Alan stared back at him, rubbing his eyes tiredly, they seemed to be having problems focusing and he couldn't seem to be able to blink back the focus. He'd not had so much of a problem with jet lag before but presumed that the worry over John had messed with his sleeping pattern more than anything, as soon as he had some food in him he'd be fine.

"Well, it was nice meeting you. I've really got to head off." He stood up, grasping the edge of the table as his legs threatened to give in under his own weight. Two beers shouldn't have affected him like that, two beers and a lack of sleep certainly shouldn't. "I've really got to head off." He repeated and shut his eyes for a moment, taking a deep breath, when he reopened them Brendan was suddenly next to him, an arm snaking round his waist confidentially as he holstered most of Alan's weight. "What are you doing?"

"Just helping me mate out, cause we're mates now, right Alan?"

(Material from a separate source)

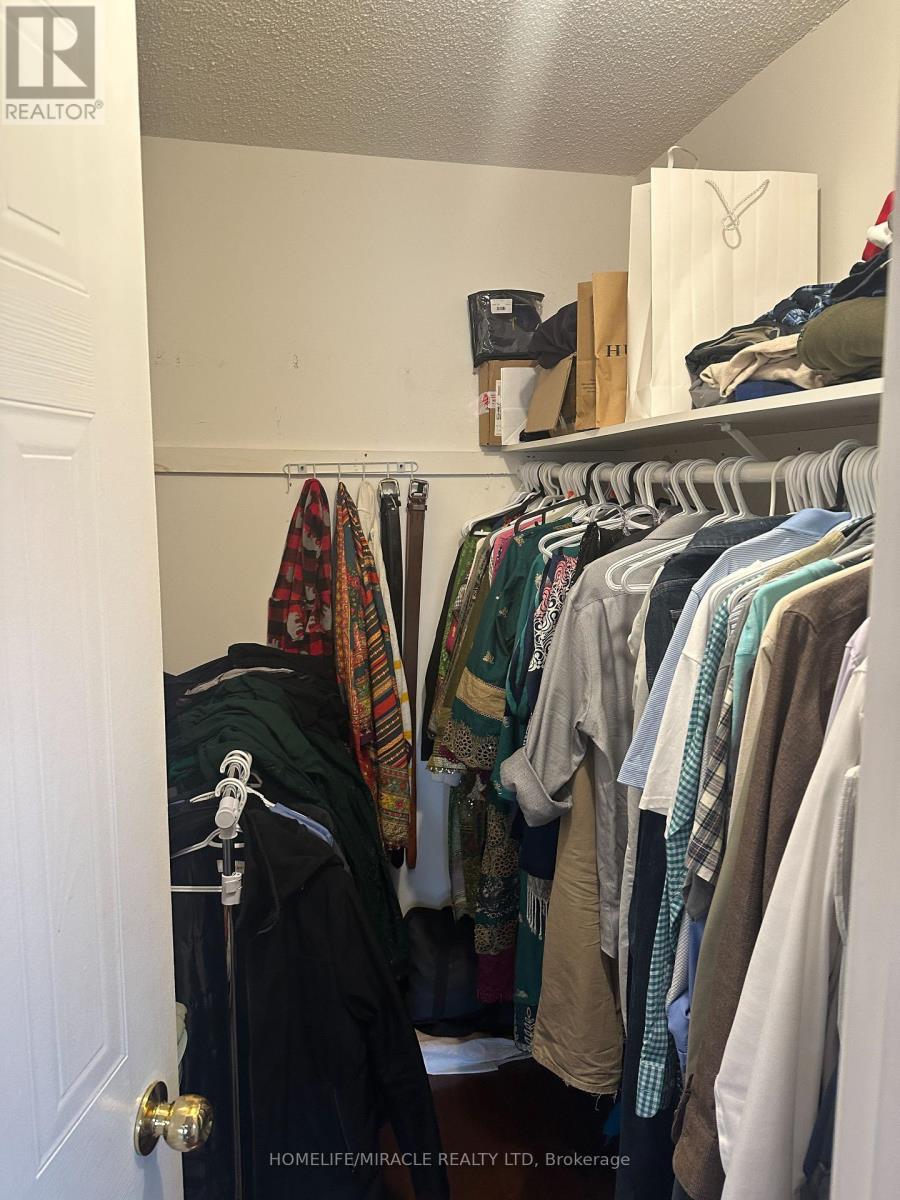 7200 Harding Crescent, Mississauga, ON - Indoor With Storage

"Yeah… right." He frowned, he'd had two beers so why the hell did he feel like he'd had twelve? And why did the guy who had seemed to have had a fair few more suddenly seem to be the picture of good health?

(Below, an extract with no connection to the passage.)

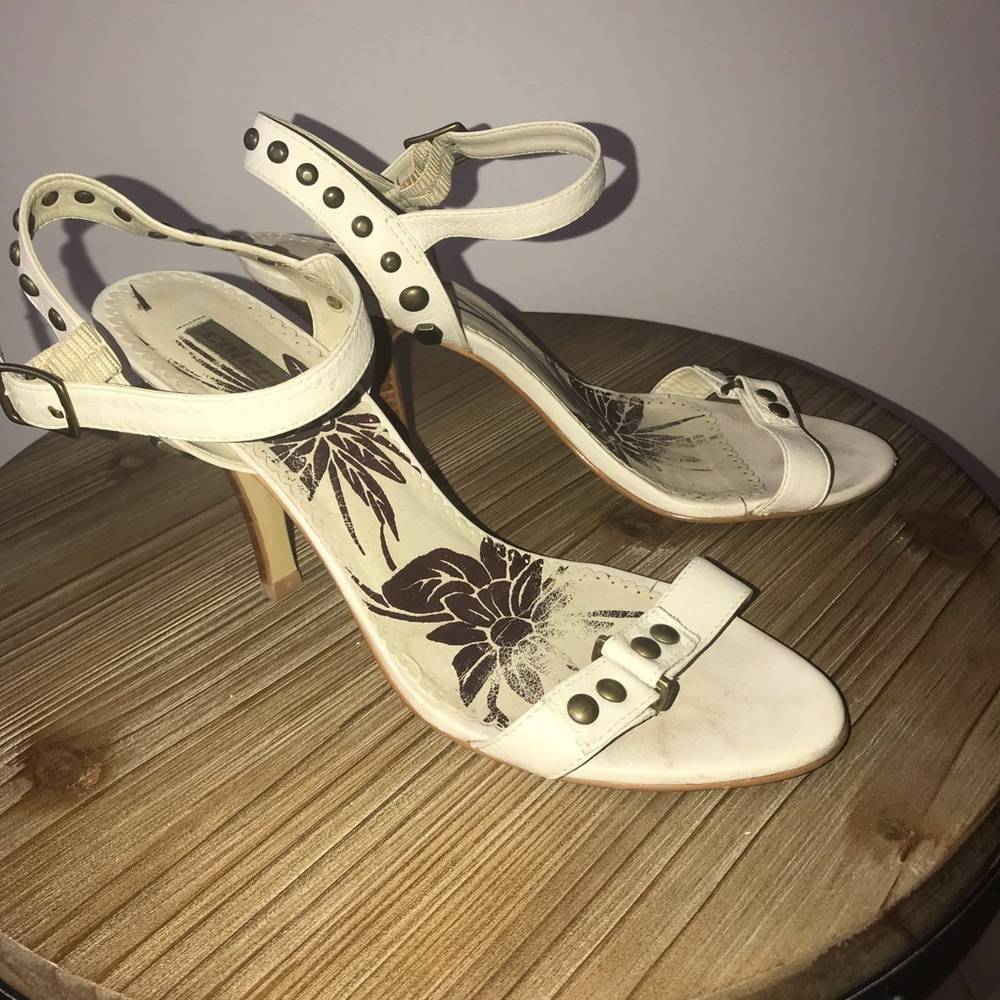 Vintage Colcci Studded Sandals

Brendan read his questioning look and explained for him.

"I spiked ye drink lad, gotta borrow ye for a few hours."

"What?" He swayed forward but was held upright by the man, his muscles refusing to work to protect himself as he was moved toward the emergency exit and outside.

"Alan Tracy. Youngest son of Jeff Tracy, ex-astronaut, founder of Tracy Enterprises, and subsequently a billionaire?" Brendan O'Donnell grinned. "Too easy Alan, ye made it all too easy."